Building a Company Is Like Multi-Player Katamari Damacy

In the video game Katamari Damacy, you roll a ball through the world, slowly picking up objects by running over them. You can’t pick up big objects right away – you can only pick up objects smaller than you. As your pile grows, your capabilities grow.

Here’s a video of someone playing it:

https://www.youtube.com/watch?v=cwhFH75OCDs

When you’re starting a company by yourself, you start all alone with limited capabilities. You only have so many hours per day, and there’s a lot of skills you haven’t acquired yet. You tackle a lot of small tasks manually, doing them over and over again, until you build processes that help you conquer larger tasks.

The multi-player part comes in when you’ve built up enough revenue and processes: you can afford to hire someone.

To play the game well, you have to be able to hand off as many tasks as possible to that new hire. And so do they.
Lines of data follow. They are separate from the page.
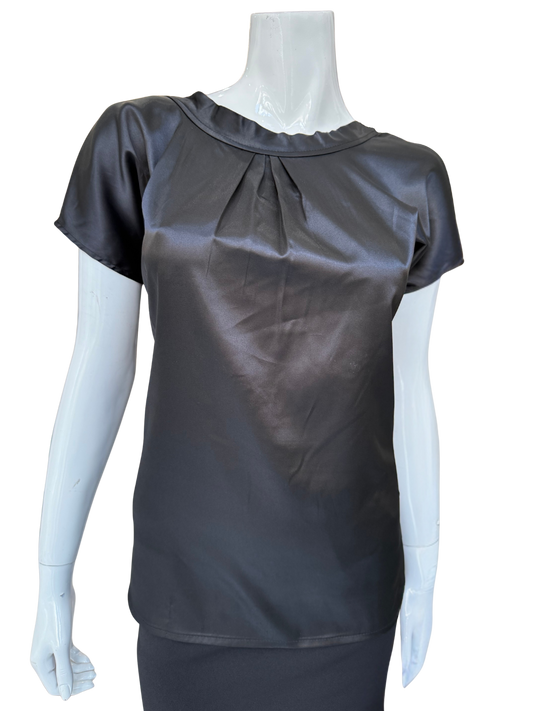 UR Bold Satin Front Blouse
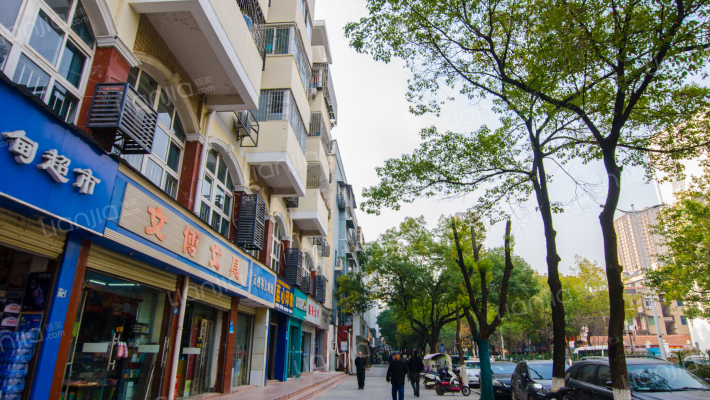 汉阳大街90号外景图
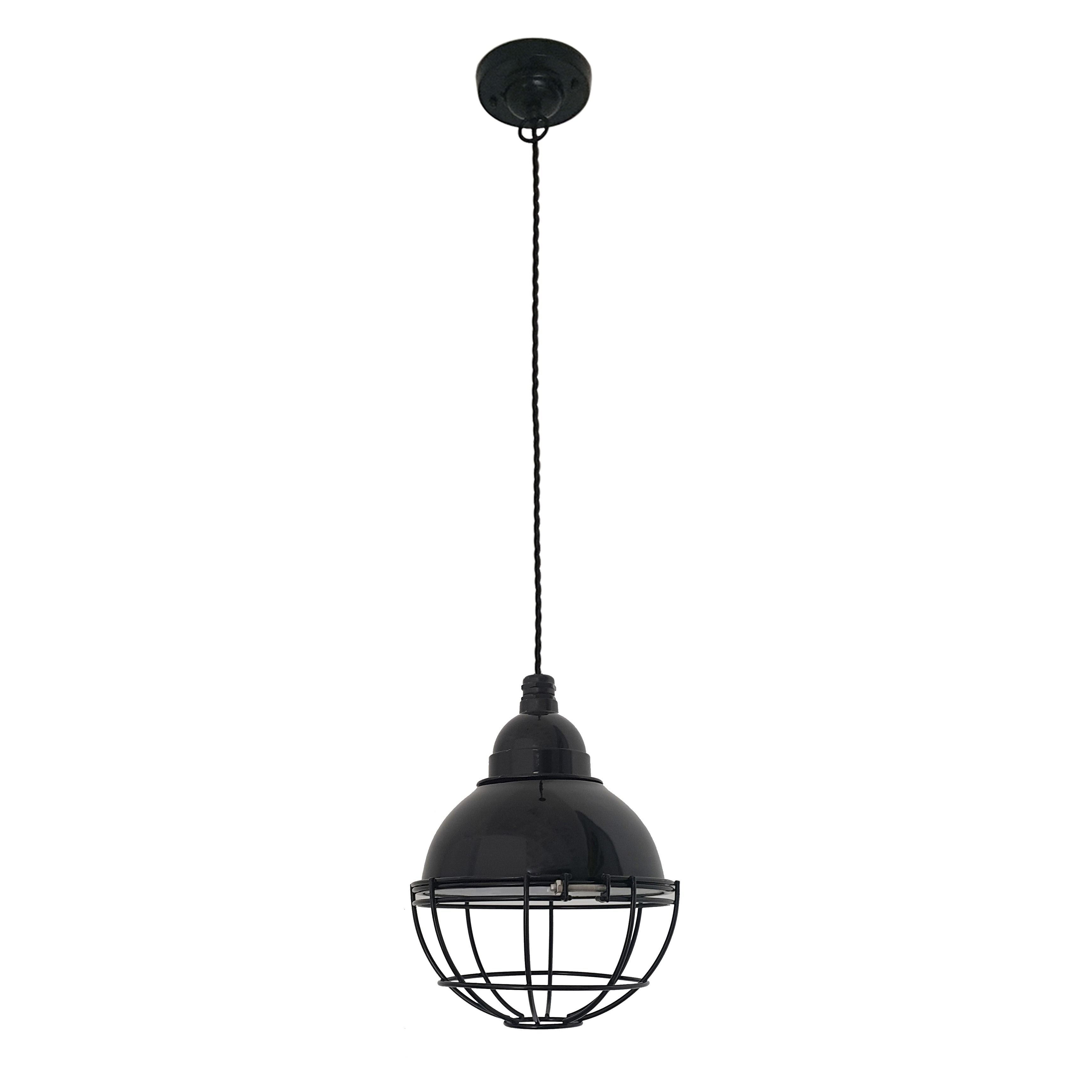 Lampada a sospensione nera con gabbia. La luce pende dal soffitto con un filo nero.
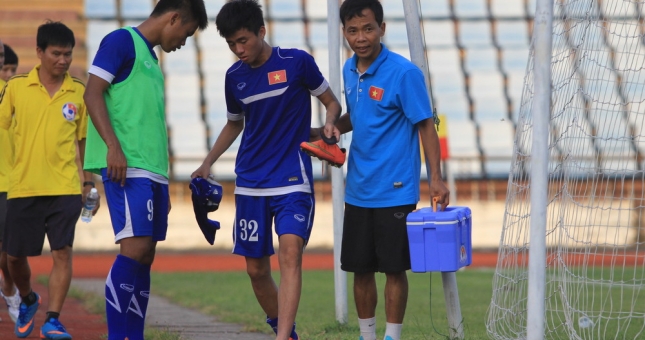 Thắng Lào, U19 Việt Nam vẫn bị chê trách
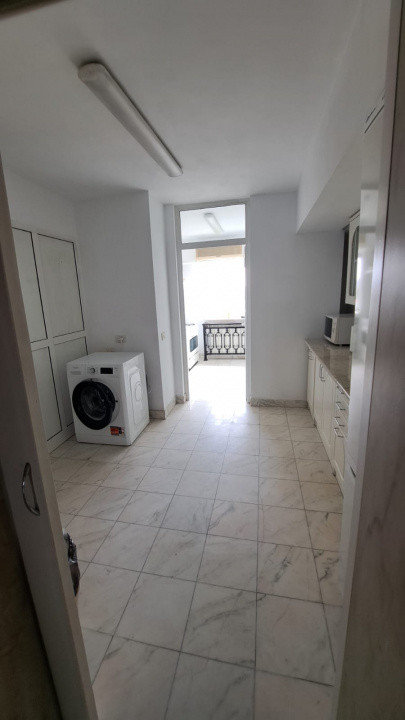 de inchiriat apartament 3 camere Decebal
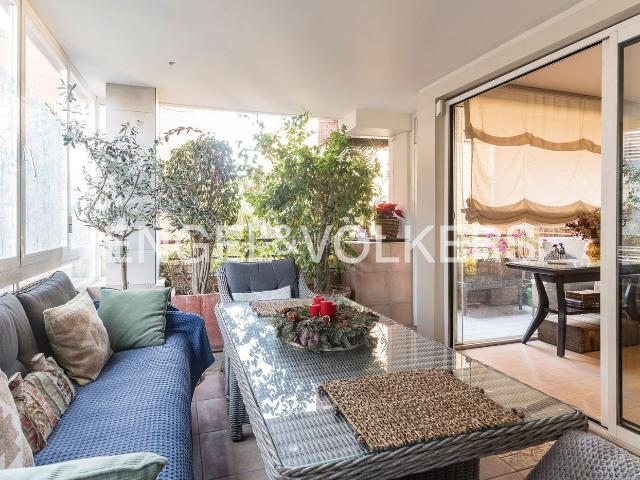 Piso en venta en Barcelona, Tres Torres. Exclusivo apartamento, elegante y luminoso con terraza en Tres Torres. Pisos.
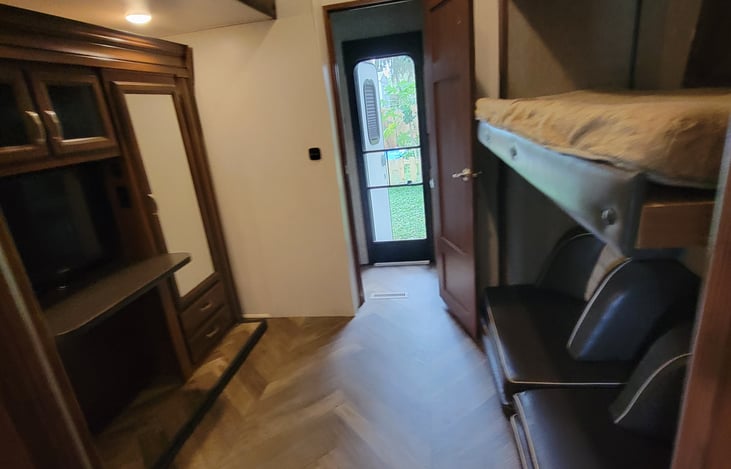 Bunkhouse, 2nd bath on end with 2nd exterior door.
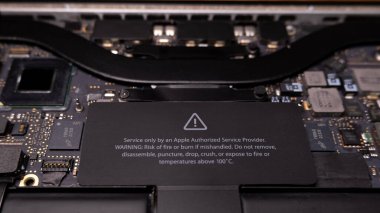 Apple Macbook Pro ana kartında uyarı etiketi kapat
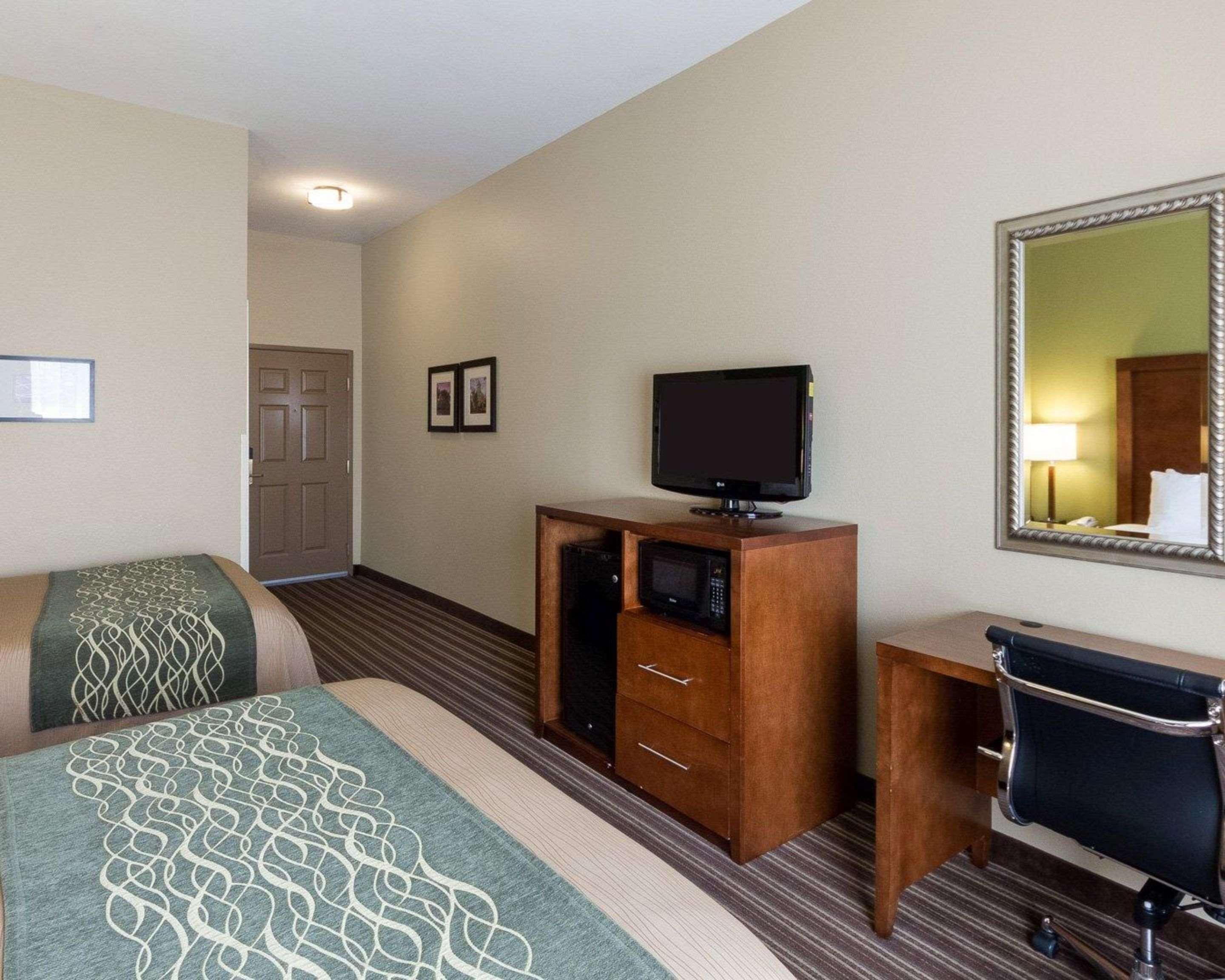 Comfort Inn & Suites Fayetteville-University Area Esterno foto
This means you need to avoid manual processes and focus on building systems as fast as possible.

Every time you shed load, your ball starts small again, and the process repeats itself. This means you need to be great at figuring out what you need to scale next, learning how to do it, and building a process around it.

This isn’t even about building a business – if you’re a dissatisfied employee, this is how to get a better job. Figure out how to hand off, automate, and eliminate what you’re doing today, and find the next job tasks you want to do.